## Confidence intervals and that IPCC: Why climate scientists need statistical help

At Andrew Gelman’s blog (Statistical Modeling, Causal Inference, and Social Science), Ben Goodrich makes the interesting observation in a length discussion about confidence intervals, how they should be interpreted, whether or not they have any socially redeeming value, und so weiter. Dr Goodrich zings the opening paragraphs of the Summary for Policymakers from the AR5 report of the Intergovernmental Panel on Climate Change in its treatment of confidence intervals:

My current favorite example of the potential damage of confidence intervals is from the Summary for Policymakers of the Intergovernmental Panel on Climate Change.

To take one example, the first real paragraph says:

“The period from 1983 to 2012 was _likely_ the warmest 30-year period of the last 1400 years in the Northern Hemisphere, where such assessment is possible (_medium confidence_). The globally averaged combined land and ocean surface temperature data as calculated by a linear trend show a warming of 0.85 [0.65 to 1.06] °C {^2} over the period 1880 to 2012, when multiple independently produced datasets exist.”

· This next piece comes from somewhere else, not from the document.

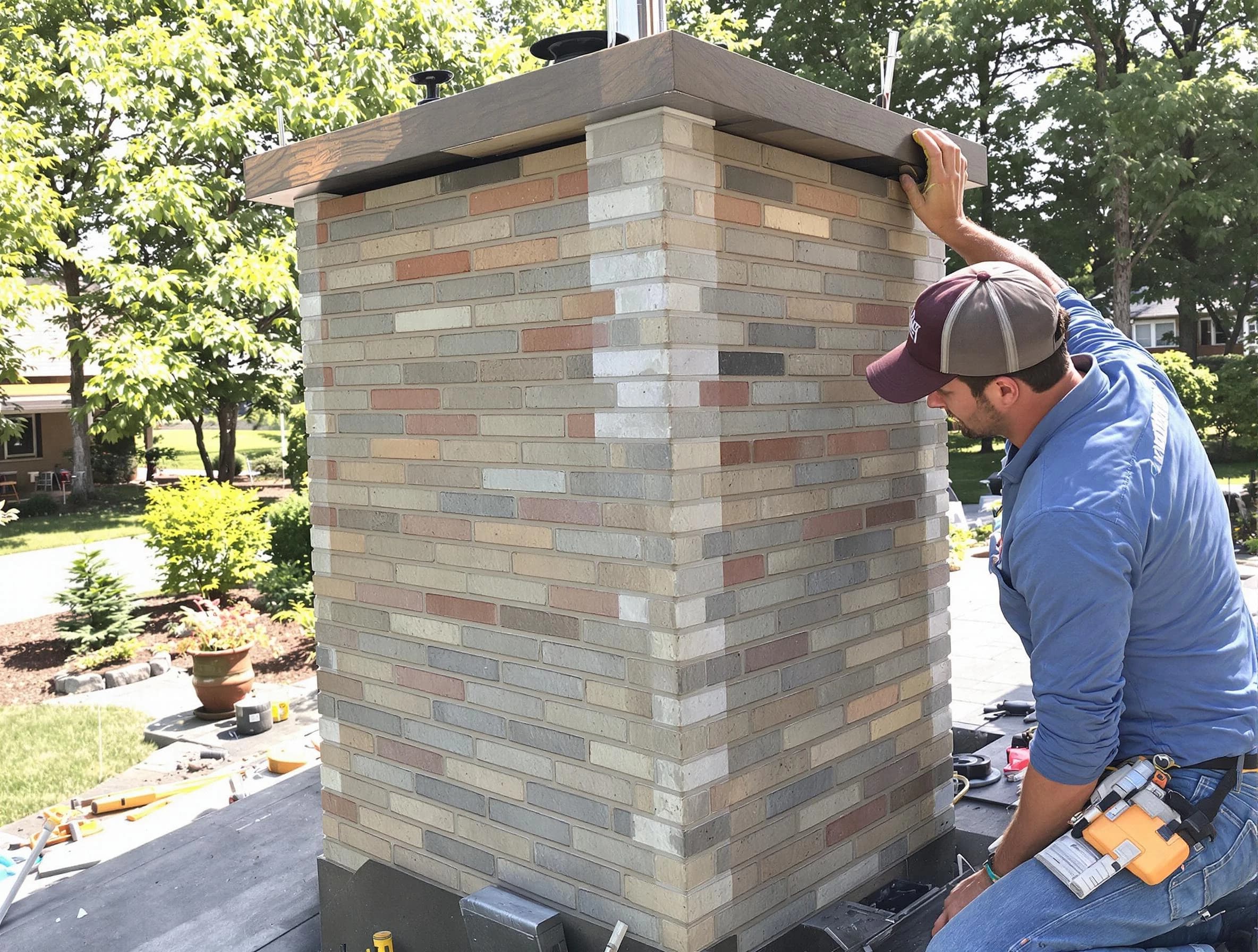 Lawrenceville Chimney Sweep completing a modern chimney remodel in Lawrenceville, GA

The second footnote actually gets the definition of a confidence interval correct, albeit in a way that only a well-trained statistician would understand:

{^2}: Ranges in square brackets or following ‘±’ are expected to have a 90% likelihood of including the value that is being estimated

So, basically they are correctly saying to statisticians “The pre-data expectation of the indicator function as to whether the estimated confidence interval includes the true average temperature change is 0.9” and incorrectly saying to everyone else “there is a 0.9 probability that the average temperature rose between 0.65 and 1.06 degrees Celsius between 1880 and 2012”. I am hesitant to say it is okay for policymakers adopt the latter misinterpretation because they would misinterpret the former interpretation.

I think your main point comes down to what the alternative is. If confidence intervals are inevitable, then I guess it would be less damaging for people to interpret them incorrectly than correctly. But if confidence intervals can be replaced by Bayesian intervals and interpreted correctly, I think that would be preferable.

The report gets more convoluted in its attempt to simultaneously be useful to policymakers and not wrong statistically. The first footnote says

{^1}: Each finding is grounded in an evaluation of underlying evidence and agreement. In many cases, a synthesis of evidence and agreement supports an assignment of confidence. The summary terms for evidence are: limited, medium or robust. For agreement, they are low, medium or high. A level of confidence is expressed using five qualifiers: very low, low, medium, high and very high, and typeset in italics, e.g.,
_medium confidence_. The following terms have been used to indicate the assessed likelihood of an outcome or a result: virtually certain 99-100% probability, very likely 90-100%, likely 66-100%, about as likely as not 33-66%, unlikely 0-33%, very unlikely 0-10%, exceptionally unlikely 0-1%. Additional terms (extremely likely 95-100%, more likely than not >50-100%, more unlikely than likely 0-<50%, extremely unlikely 0-5%) may also be used when appropriate. Assessed likelihood is typeset in italics, e.g., _very likely_.

So, they are using the word "confidence" not in the technical sense of a "confidence interval" but to describe the degree of agreement among the scientists who wrote the report on the basis of the (presumably frequentist) studies they reviewed. And then they have a seemingly Bayesian interpretation of the numerical probability of events being true but without actually using Bayesian machinery to produce posterior expectations. If they had asked me (which they didn't), I would have said to just do Bayesian calculations and justify the priors and whatnot in the footnotes instead of writing this mess.

Now, the IPCC is no more special in this kind of abuse of terminology than the American Medical Association is. And, yes, maybe if statisticians helped them out, the Policymakers would fall asleep on page three. Still, people oughtn’t get to pick their own standards of evidence.

There’s a fair bit to digest there and many pithy remarks elsewhere. For example, Corey Yanofsky quotes work by Bickel and remarks

Also, confidence procedures can be consistent with the betting operationalization you’re discussing (https://arxiv.org/abs/0907.0139). You need a diachronic Dutch book to force full Bayes.

I did not realize there was a philosophy based upon Dutch books.